Whatever the decade, whatever the mood, we always have Shane in our hearts. A salute to the most dependable and deconstructed American hero.
By William Kittredge


Before I could read, I learned to imitate buckaroos and revere cowhorses and pay attention to cookhouse manners. At the end of the 1930s in our sagebrush corner of the Great Basin, we still inhabited a horseback dream of the right life. It was a world without much in the way of law, but with ironbound traditions. There were proper ways to live, and the most proper involved
taking care of your horses. A man who mistreated his horses was regarded as useless and less than a man, since his horses were bound to be no good.

After horses were domesticated on the high steppes of Central Asia some 4,000 years ago, a couple of different cultures evolved. One was made up of farming people, who stayed home to tend crops. Their villages evolved into cities and kingdoms and all that. The others were horse people, who followed the herds and
never stayed home. They were warriors, employed by the kingdoms.

The buckaroos I grew up around sort of thought of themselves that way; they were the warriors. When I was maybe 13, after a season on the sagebrush deserts of southeastern Oregon with my grandfather’s chuck-wagon outfit, I was accorded high honor: I was allowed to help herd 20 horses from the MC remuda over the mountains to the town of Lakeview for the Labor Day rodeo.

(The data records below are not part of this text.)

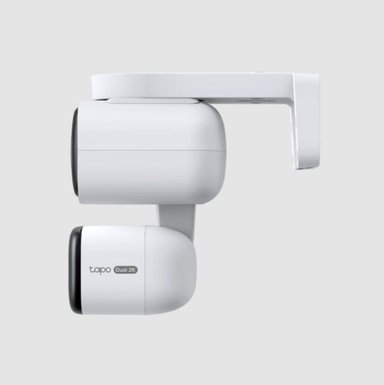 TAPO C246D
CÁMARA DE VIGILANCIA 360º CON DOBLE LENTE PARA INTERIOR Y EXTERIOR - 3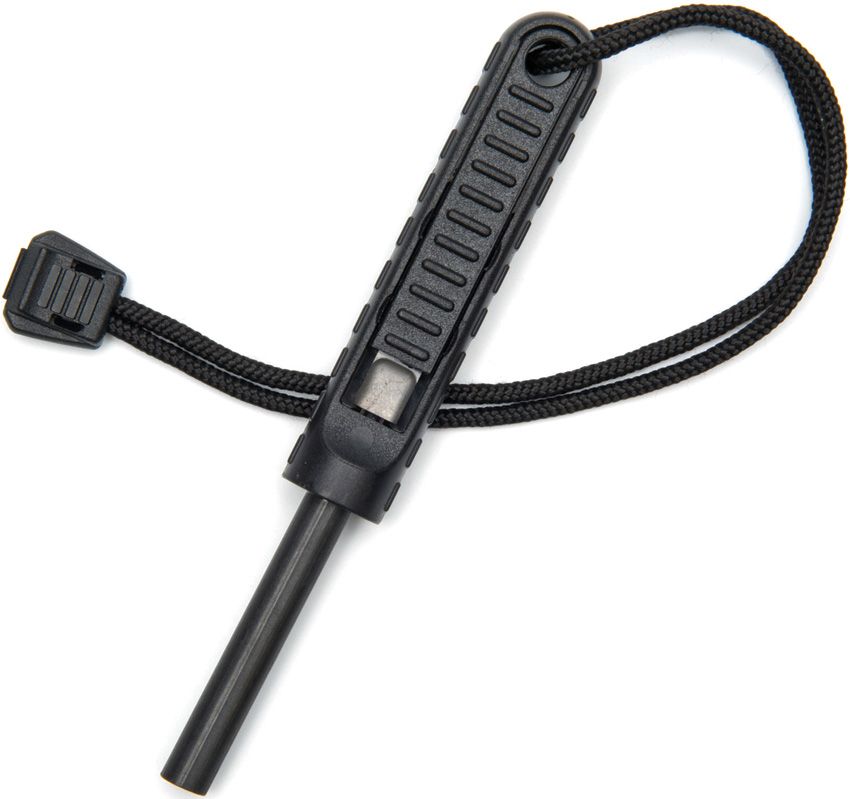 Outdoor Survival Gear - Exotac Black Black - Exotac
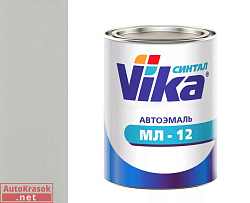 белая ночь, эмаль МЛ-12, 0,8 кг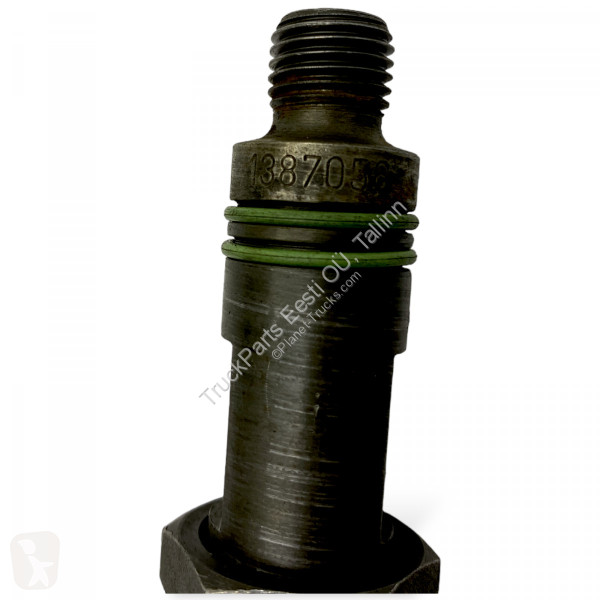 Repuestos para camiones Scania 4-Series bus...
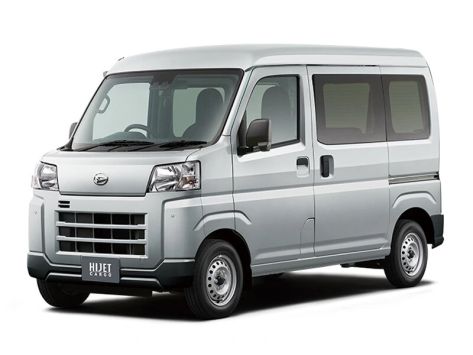  Hijet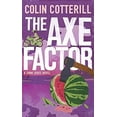 thumbnail image 1 of Pre-Owned Axe Factor (Paperback) 1780877005 9781780877006, 1 of 1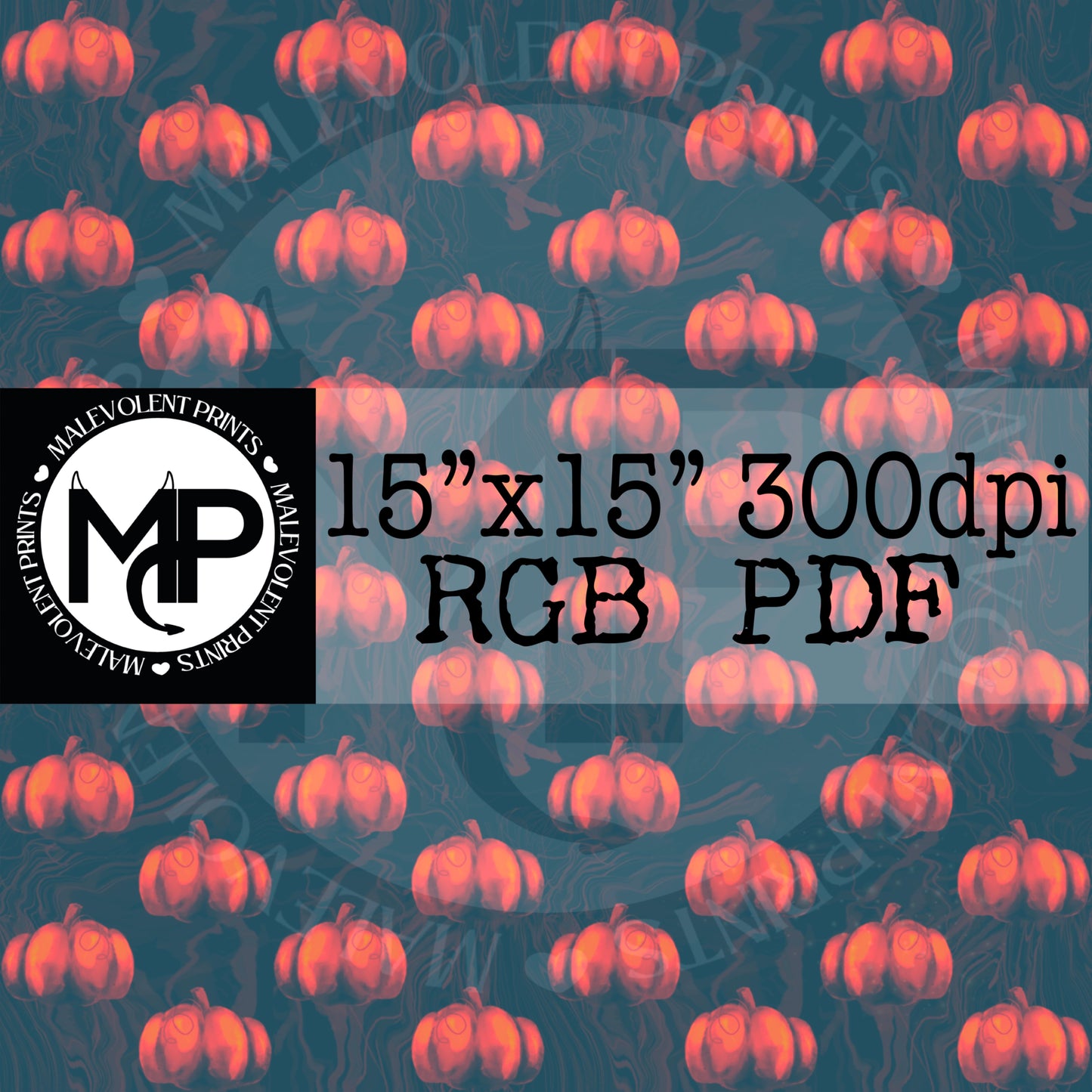 Insta Pumpkin Colorway Pack (Unlimited)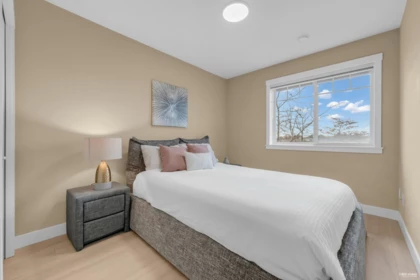 Loft / Bonus Room Photo of 16 11393 Steveston Highway, Richmond, BC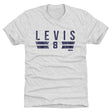 Will Levis Men's Premium T-Shirt | 500 LEVEL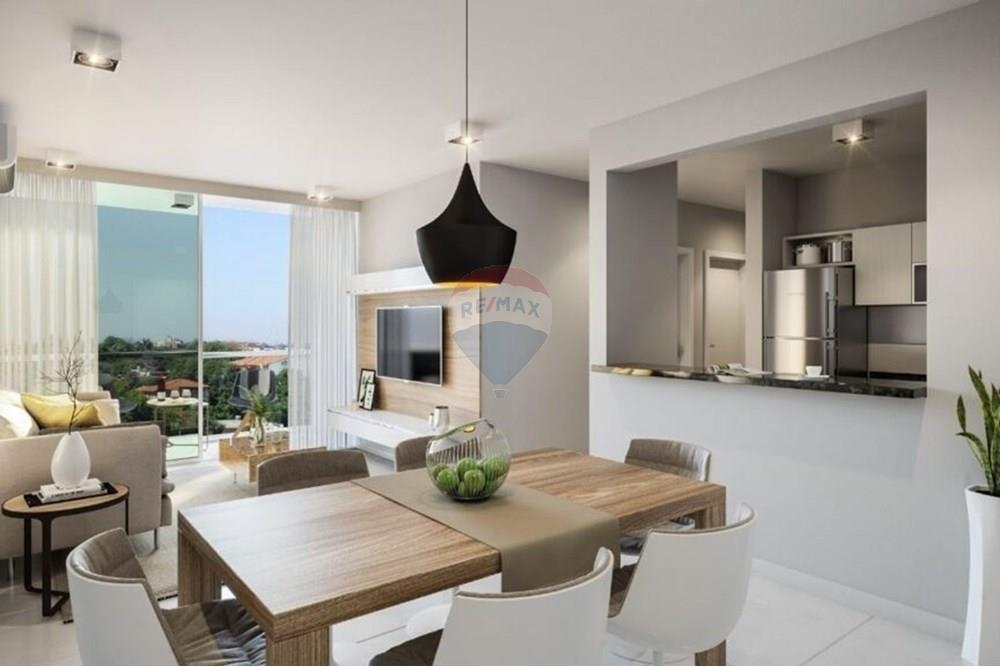 Vendo Departamento de 2 dormitorios en Agora, Asunción — foto 3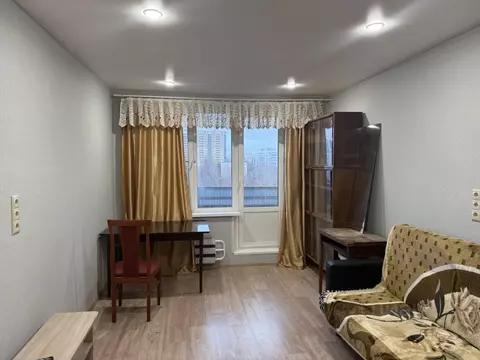 Комната Москва Сивашская ул., 6К1 (16.1 м)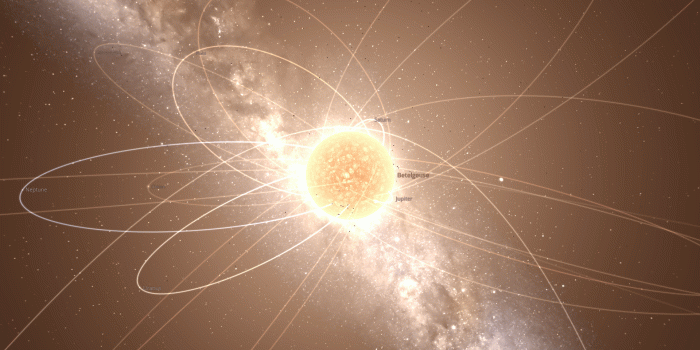 1920x1080 Universe Sandbox ² :: The Extremes of Our Solar System | Update 21.3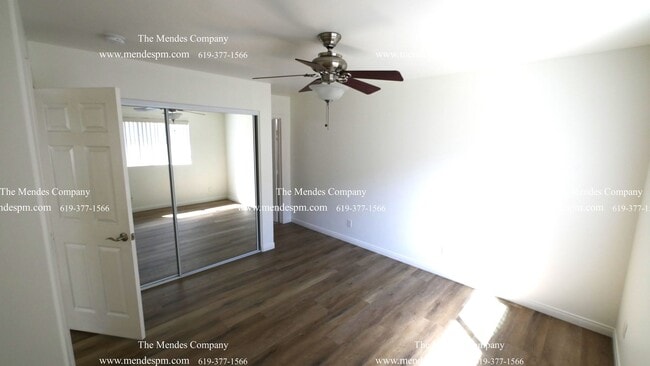 Building Photo - Upgraded 2 BDR / 2 BTH Unit in North Park ...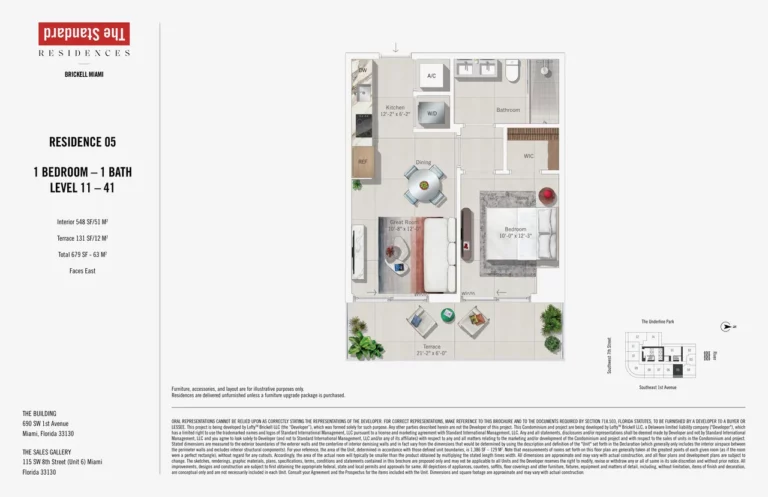 Floor Plan 5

People lined the streets as we clattered along, townspeople and ranchers and kids who were jealous of a boy like me. We unsaddled and went uptown to the bars, where I was served a bottle of beer without anybody making any fuss about it at all, and for that little while I could deceive myself into believing that I was a buckaroo.

It was not to be. I was one of the owner’s kids; buckaroos were hired hands, rootless men who wanted to see what was down the road, their most powerful opinion an ancient disdain for settlers. We went our ways.

These days I live a taxpaying life in a sweet community. But I still have longings for some of the old blowing buckaroo wind. It’s easy to understand the attraction. We are, after all, creatures who evolved in a wandering life. People who left Europe for America and our East Coast the nineteenth-century West were searching for simple things: adventure, freedom, possibility.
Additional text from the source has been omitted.